Looking at my Dardanelle performance from a few weeks ago, you can see what can happen when your main group of fish changes and you don't have a solid back-up plan." With homework complete prior to arrival at the intended destination, Fulks isolates high-percentage areas based on the season he'll be fishing it. "It really depends on the time of year you're going to be on the lake," he notes. "Take the time of year we're in right now (April) as an example.
"The fish are kind of confused across most of the country trying to figure out if they really want to come to the bank and spawn. You can look at the map, in conjunction with your Internet homework, and find those subtle little staging areas that are near spawning coves and flats before you ever back your boat into the water." With so many variables that are out of a bass fisherman's control while on the water, Fulks believes the objective should be to get a handle on the variables you can control. To him, homework is at the top of the list.

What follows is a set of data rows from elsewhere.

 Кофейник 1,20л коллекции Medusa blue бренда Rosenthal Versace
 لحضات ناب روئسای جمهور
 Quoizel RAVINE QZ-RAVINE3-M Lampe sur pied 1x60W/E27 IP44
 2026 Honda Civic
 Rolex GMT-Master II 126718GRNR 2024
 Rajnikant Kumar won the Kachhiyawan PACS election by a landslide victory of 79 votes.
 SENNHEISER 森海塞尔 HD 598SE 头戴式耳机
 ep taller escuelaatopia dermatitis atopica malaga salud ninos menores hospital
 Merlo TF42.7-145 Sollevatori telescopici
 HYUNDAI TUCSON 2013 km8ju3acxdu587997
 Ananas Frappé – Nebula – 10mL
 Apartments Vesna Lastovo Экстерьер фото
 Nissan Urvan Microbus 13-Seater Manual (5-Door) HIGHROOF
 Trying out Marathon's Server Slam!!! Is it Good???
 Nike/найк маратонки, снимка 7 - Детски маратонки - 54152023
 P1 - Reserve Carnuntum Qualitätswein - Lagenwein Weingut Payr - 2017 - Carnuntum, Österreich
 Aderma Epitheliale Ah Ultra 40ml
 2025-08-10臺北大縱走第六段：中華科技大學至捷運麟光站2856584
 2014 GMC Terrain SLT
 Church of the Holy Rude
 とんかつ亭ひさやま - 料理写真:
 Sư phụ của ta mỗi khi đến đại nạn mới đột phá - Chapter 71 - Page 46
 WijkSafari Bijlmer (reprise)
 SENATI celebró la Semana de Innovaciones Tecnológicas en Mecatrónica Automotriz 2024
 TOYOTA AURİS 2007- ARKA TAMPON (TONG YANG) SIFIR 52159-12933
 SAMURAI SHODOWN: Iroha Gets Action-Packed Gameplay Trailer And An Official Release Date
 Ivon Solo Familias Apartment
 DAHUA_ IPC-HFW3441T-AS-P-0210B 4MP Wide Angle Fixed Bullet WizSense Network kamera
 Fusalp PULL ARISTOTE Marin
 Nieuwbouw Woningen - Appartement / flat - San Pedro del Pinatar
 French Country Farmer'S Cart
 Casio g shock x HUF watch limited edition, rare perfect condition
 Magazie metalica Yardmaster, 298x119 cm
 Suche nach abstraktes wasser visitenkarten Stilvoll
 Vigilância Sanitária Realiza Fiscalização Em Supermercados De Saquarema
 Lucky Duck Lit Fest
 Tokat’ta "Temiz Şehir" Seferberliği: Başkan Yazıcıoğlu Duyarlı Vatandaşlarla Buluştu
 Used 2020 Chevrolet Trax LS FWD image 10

"Believe it or not, there are a lot of guys fishing the Elites who don't do a lot of map work, but it's because they've visited the lakes so much that they're very familiar with them," he says. "For me, that's not an option. I really have to study the map to narrow down productive areas and try to lock into something." As a rookie, he said that as soon as he received his invitation to fish the 2009 Elite Series season, his homework began; however, a lesson for every bass angler or aspiring pro is to keep an open mind. "With today's technology, you can definitely narrow things down pretty quickly," he says.
"It's really beneficial for anglers visiting a new lake for the first time, or a lake that they don't visit too often or have had poor finishes on in the past, to be open-minded and versatile as they try to find something productive. That, as much as anything else, will open up a lot of alternatives."